Future growth in the protein pharmaceutical market will be driven increasingly by the development of next-generation proteins. First generation protein therapeutics were based upon naturally occurring wild-type proteins harvested from animals or produced through recombinant DNA technology, examples include: tissue plasminogen activator (TPA), erythropoietin (EPO), insulin, G-CSF and interferon-alpha. These naturally occurring proteins in most cases have significant limitations when used as drugs requiring frequent injections with preparations comprised of mixtures of numerous protein species. Second generation protein therapeutics: PEG-Intron®, PEGASYS®, Neulasta®, Aranesp® are based upon a limited set of chemistries that are compatible with the existing 20 natural amino acids and most commonly involve the conjugation of a polyethylene glycol polymer (PEG) to a cysteine or lysine amino acid. This approach, while creating molecules with significantly enhanced time of action, results in a significant loss of potency making it suboptimal for the optimization many classes of protein drug candidates. Thus the optimization of proteins with traditional chemistries is inefficient and limiting when attempting to generate proteins optimized for drug-like properties: preservation of potency, dosing frequency and homogeneity of drug substance.
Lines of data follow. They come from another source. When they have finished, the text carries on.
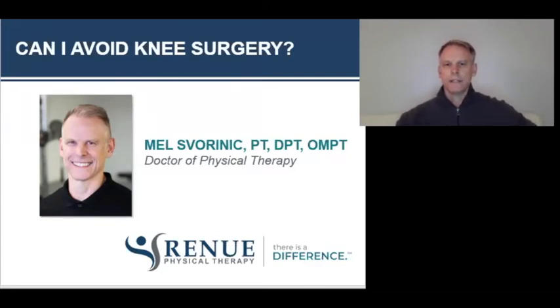Just a brief introduction. My name is Mel Svarnik. I'm originally from South Africa. I came to the United States in 1994 and I've worked in Saginaw since that time. I've been with Renew Physical Therapy since 2013. I did my entry-level schooling in South Africa, but I did a two-year graduate certificate in manual therapy at Oakland University, and then I completed my transitional doctorate at Oakland as well.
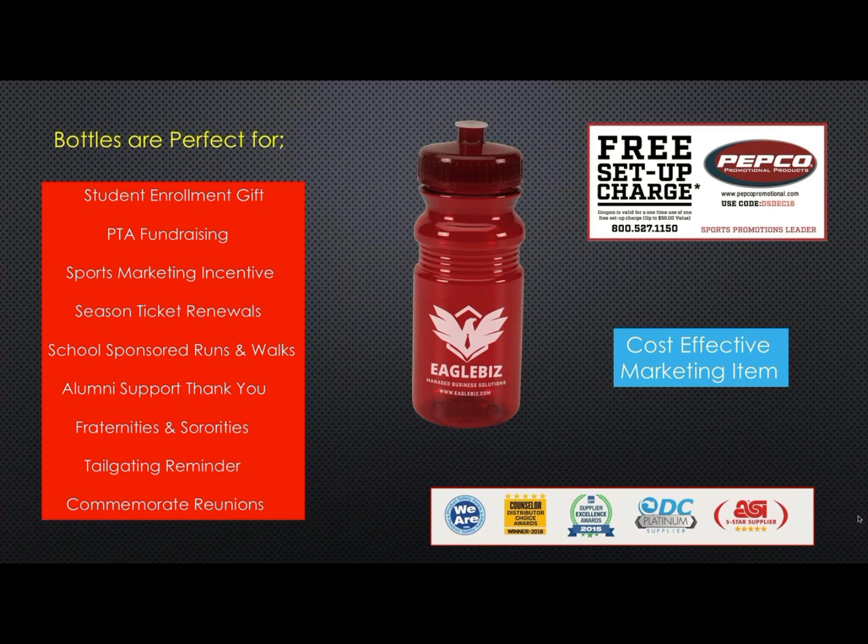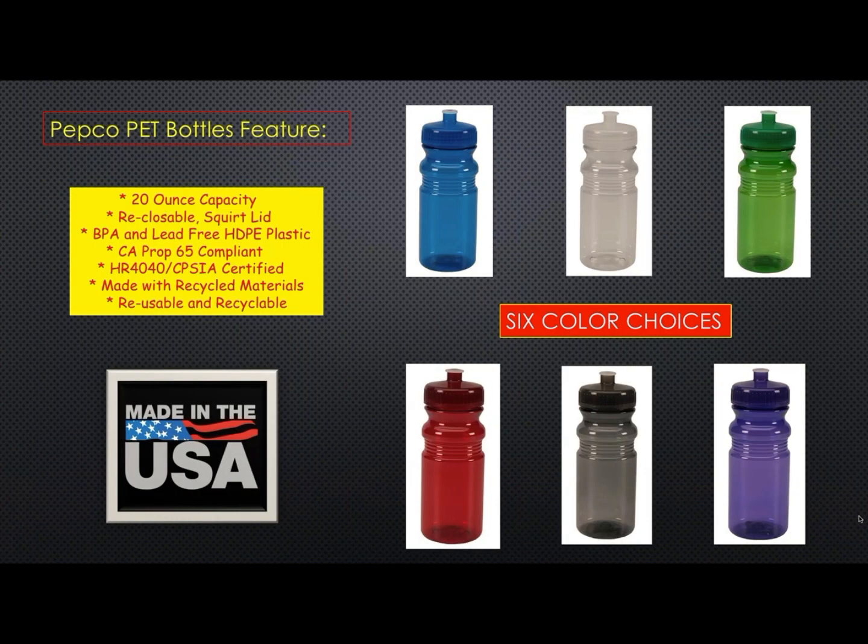In other words, PET bottles are a cost-effective marketing item. 20-ounce PET bottles come in six different colors and there's never any tariff problems with this product because they are USA made and compliant to all USA safety regulations. Plus, they are reusable and recyclable.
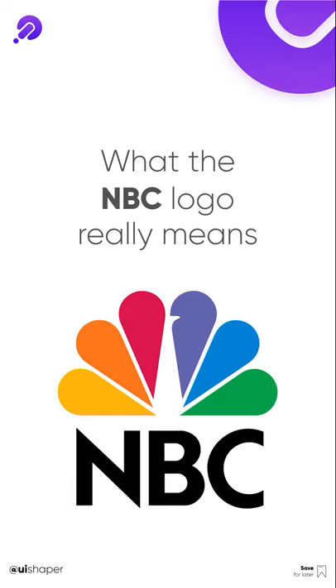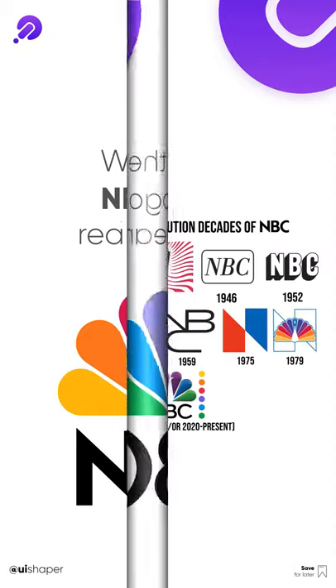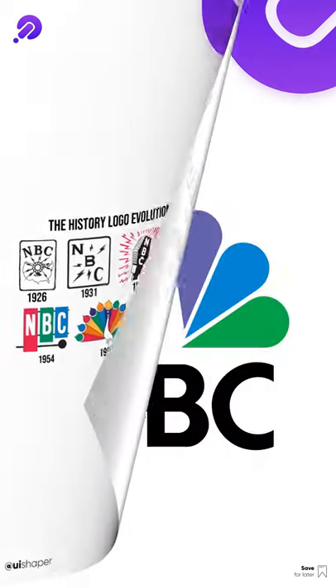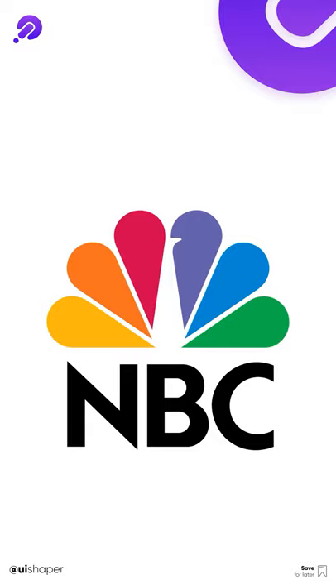The NBC Peacock is another example of a logo that uses multiple colors, but there's a practical reason why such a colorful logo was picked to sell more color TVs. The NBC Peacock debuted in 1956 during a time when the network was owned by RCA. To celebrate their new color TVs, the company adopted the colorful Peacock as their logo, which could only be fully experienced on a color TV.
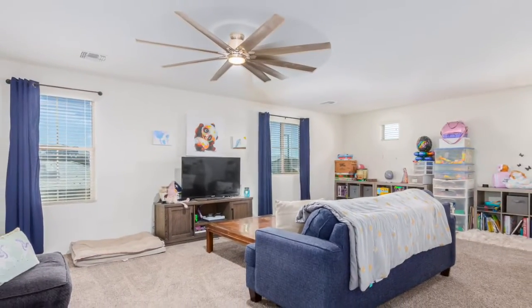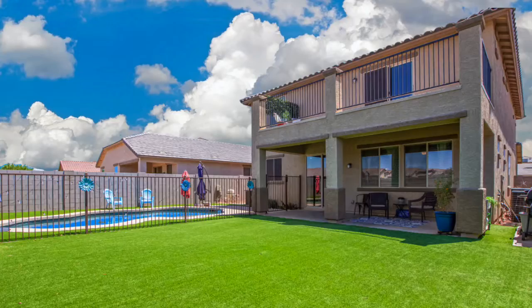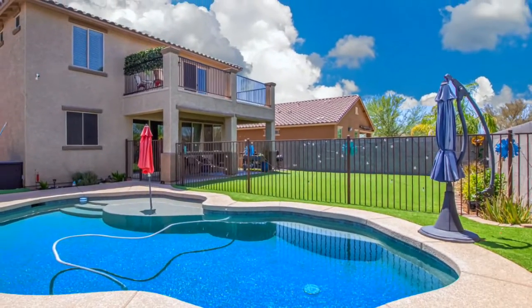The interior has been freshly painted with a beautiful neutral palette. There's a huge kitchen with updated appliances and a large walk-in pantry — it's just fabulous on the interior. Outside, you've got an RV gate, turf in the backyard, and a private pool.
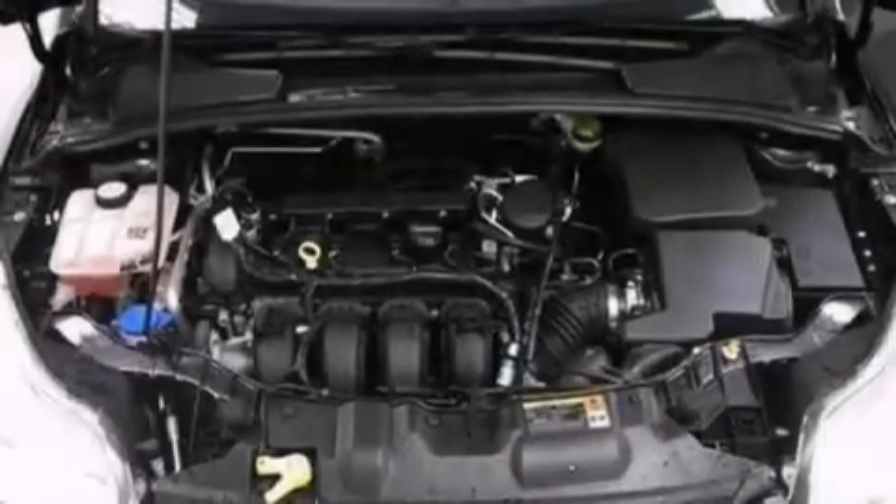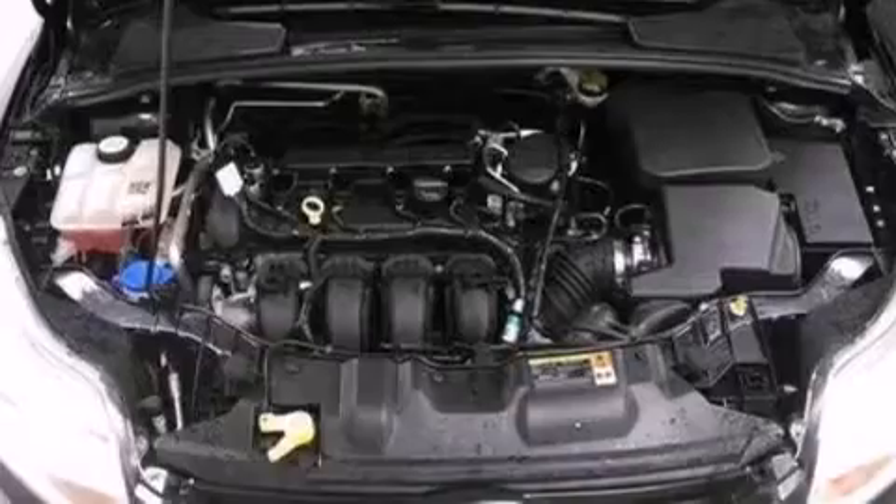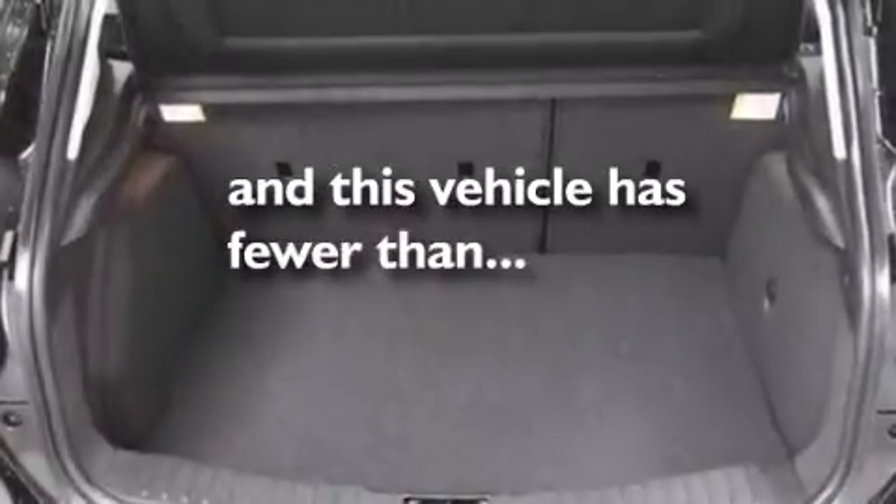Also included are side curtain airbags, full power accessories, a rear window defroster, a CD player, and this vehicle has fewer than 29,000 miles on the odometer.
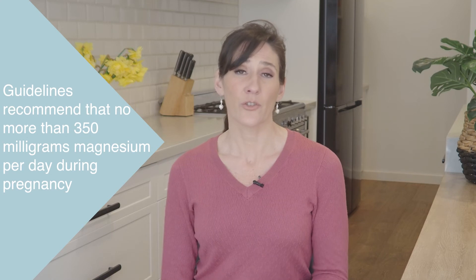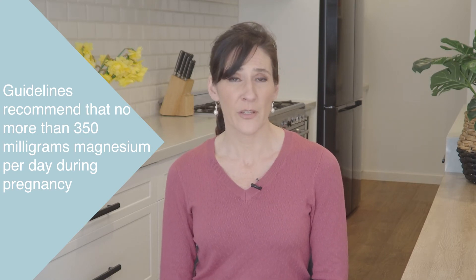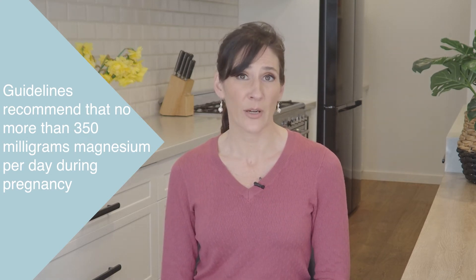Guidelines recommend that you shouldn't have any more than 350 mg of magnesium per day during pregnancy. If this is something that you want to try, I'd highly encourage you to discuss it with your healthcare team first.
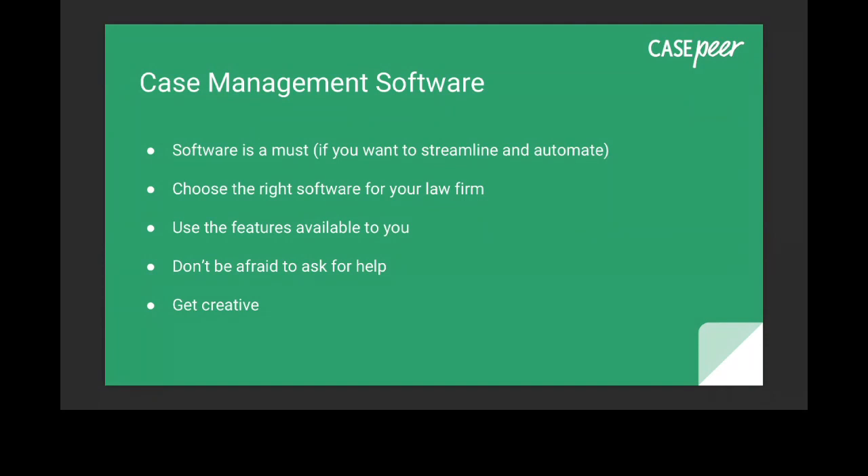Before you start looking, really think about what your needs versus your wants are. Sometimes people print a list off the internet that isn't necessarily right for their firm. It is worth talking to someone — your colleagues, other attorneys, or a business consultant — who can guide you to what might be the right fit for you.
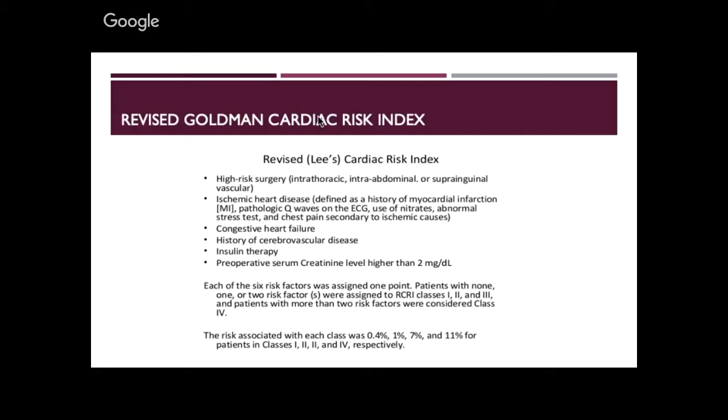This is Goldman's cardiac risk index, also called Lee's cardiac risk index. There are six factors: high-risk surgery — anyone having vascular surgery apart from a toe amputation under local anaesthetic is high risk. Ischaemic heart disease — most of them have it, you just need to look for it. Congestive heart failure — not all have it, but it's a potential. If you suspect it, investigate.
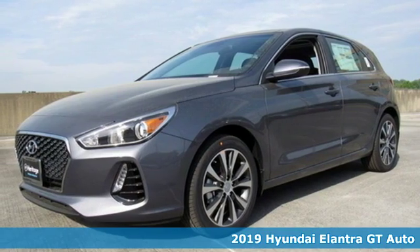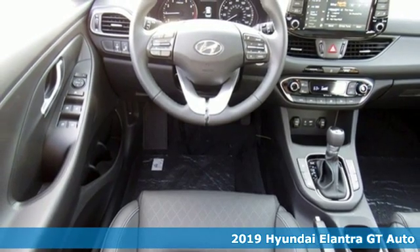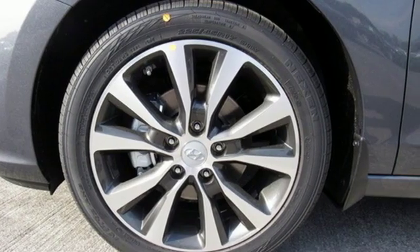Here's a new 2019 Hyundai Elantra GT. With an equal investment in functionality and flair, it brings new meaning to roadworthy. It comes nicely equipped with features you'll love.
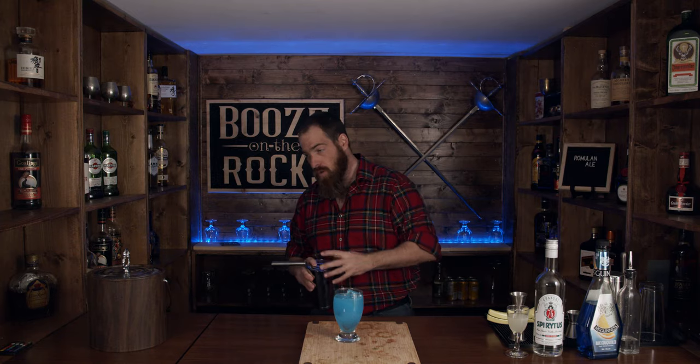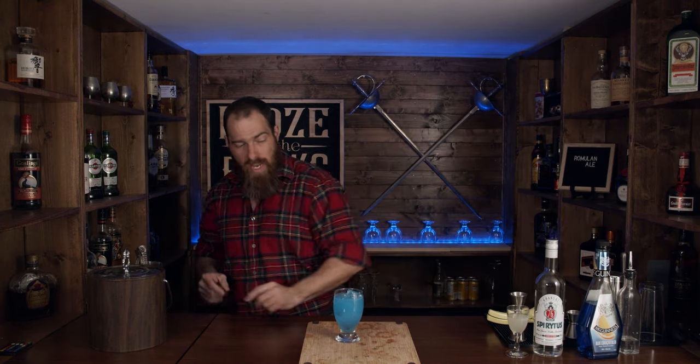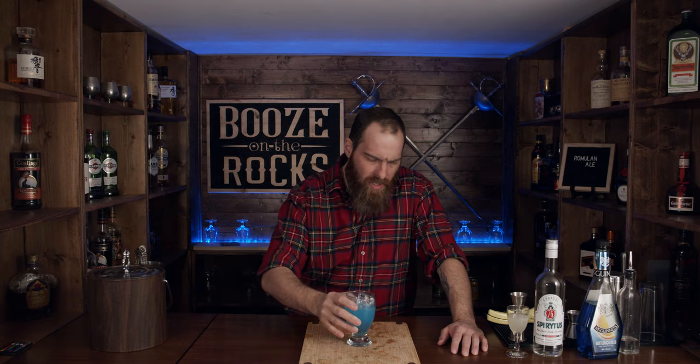Look at that color. That is Romulan Ale if I don't know what it is. This is going to be awesome — it's going to be strong. Let's smell it; it should assault the senses. It's not very assaulting at the moment. Let's taste it. That's really good. I'm not assaulted at all or insulted. If this is the way Romulan Ale truly tastes, I can tell you this is exactly why Starfleet officers went nuts for this Romulan Ale.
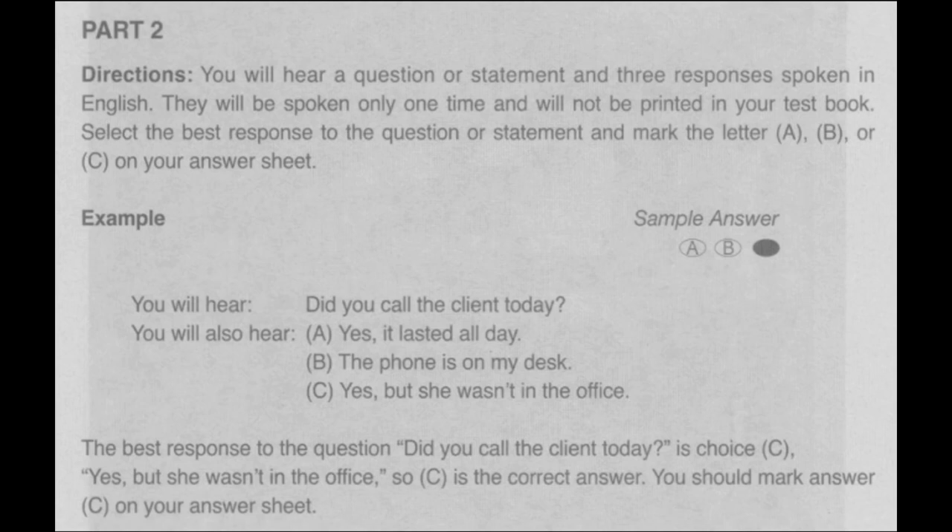Now, let us begin with question number 11. Number 11. Where did you put the file? A: Sometime last week. B: No, he hasn't filed it yet. C: In the office cabinet.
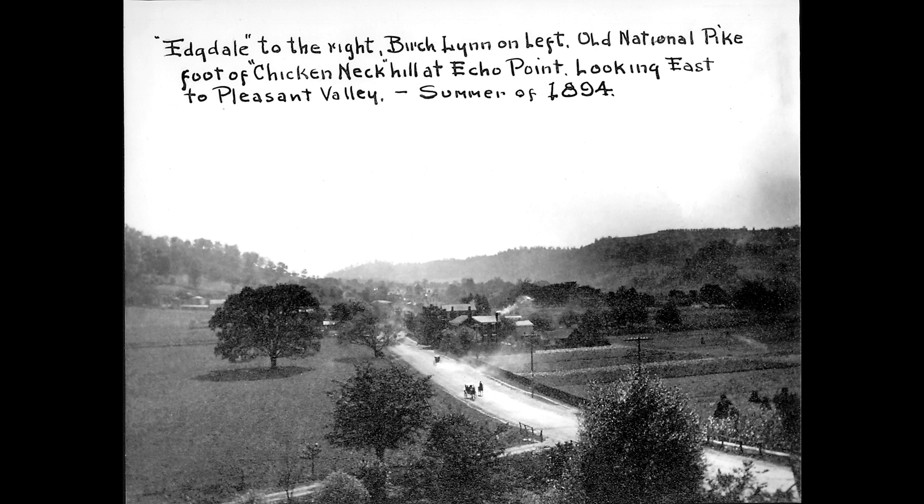As you can see, it's explained at the top. Edgedale to the right, Birchlin on the left, Old National Pike at the foot of Chicken Neck Hill, looking east to Pleasant Valley. It was taken in 1894.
Ambrx uses an expanded set of amino acids to address the limitations intrinsic to the 20 natural amino acids. Our pioneering protein medicinal chemistry™ drug development process combines the power of medicinal chemistry with recombinant biosynthesis. Through the application of Ambrx’s proprietary technology, numerous variants of the naturally occurring wild-type protein can be generated, each variant containing a single Ambrx Amino acid incorporated into the protein backbone at a location selected by an Ambrx Scientist. This allows for the rational design of molecules in the event that structural information is available, or an empirical approach through substitution at every position and subsequent structure-activity-relationship analysis similar to the approach taken to optimize small molecules or synthetic peptides. This level of control in the application of selective chemistries to proteins represents a new paradigm in protein engineering and allows Ambrx to pursue a broad array of product candidates based upon; proteins, antibodies, antibody fragments and antibody-based bioactive protein and peptide carriers, and tailor them to address specific medical needs of patients. Ambrx will advance molecules that meet or exceed a target product profile through the application of internal resources or though collaboration with other pharmaceutical or biotech companies.